# Repatriating to the USA after 6 years



## BuddyBlair (Feb 24, 2015)

Hi All,

I'm an expat who has lived in London since 2008. I've been a tier 2 intra-company transfer since that time and I'm still with the same company. I was originally assigned to be here 3 years but that was obviously extended. My company wants me to return to the US and take on a different role and I'm in the process of planning/negotiating my relo package. Does anyone have any advice as to what sort of compensation should be involved? I still own a house there but I have no car and no stateside financial history for 6+ years so I'm concerned about the unknown impact. 

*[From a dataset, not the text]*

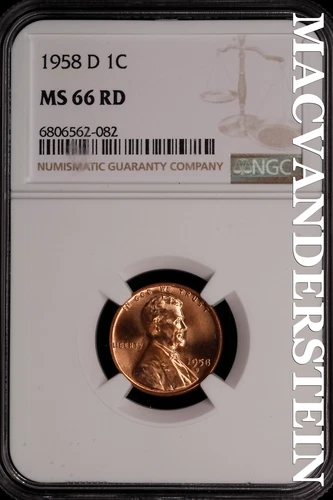 1958-D Lincoln Wheat Cent- NGC-MS66 RD Gem Brilliant Uncirculated Luster #SLM410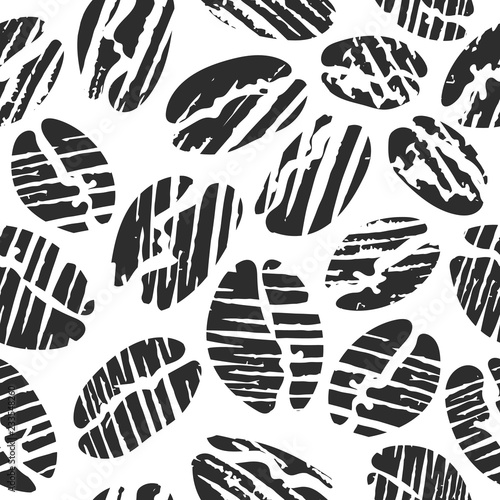 Vector seamless pattern Natural coffee bean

Any help or advice is greatly appreciated. 

Cheers,
Buddy


----------



## twostep (Apr 3, 2008)

It is impossible to suggest a comp range without information
You can always rebuild your credit. Have you pulled it recently.
If the employer is willing to assist with a company vehicle - great!


----------



## BuddyBlair (Feb 24, 2015)

Good point. I don't mean comp range as far as salary goes, I'm more speaking about relocation costs and expenses that aren't yet obvious as part of the move. I guess I'm wondering if people normally get additional compensation for relocating in addition to the costs of movers when they are returning home. If any more details are needed to come up with tips please let me know. 

Thank you for your help.


----------



## Bevdeforges (Nov 16, 2007)

One "perk" that used to be standard for international relocations was an extra one-month's salary to cover replacement of small electrical equipment for the household. (Also helps for general start-up costs of setting up back "home" again.)

You'll have "issues" acquiring insurances (car insurance, f'rinstance) after a long absence. It helps if you're returning to the same area you were in when you left, if you can go back to your old insurer and confirm that they used to insure you. Even six years ago, it can help taking on the standard car and home insurances.
Cheers,
Bev


----------



## twostep (Apr 3, 2008)

Record retention for the insurance industry is something I never gotten into. We had a major claim (whole roof) five years ago and it is not on record anymore with one of the largest carriers.

Consider taxation when it comes to relo perks. 

At the end of the day it comes down to company policy, how much they want to move you and their budget. You opted to leave the U.S. several years ago to advance your situation. Time to take inventory.


----------



## lovestravel (Apr 9, 2012)

We had return move costs in our contract and the company ended up fighting us on the costs. We had to pay for delivery to our destination from usa port. We still haven't bought a car. We still had lots of bills in the usa so credit is still good. UK rental history was fine for apartment rental. All of our costs for delivery of household goods was $7000. We spent about 10 weeks on hotel until our furnishings arrived which cost us about $$9000. We rented a car from hertz for a little while until we got moved to denver where we don't need a car.


----------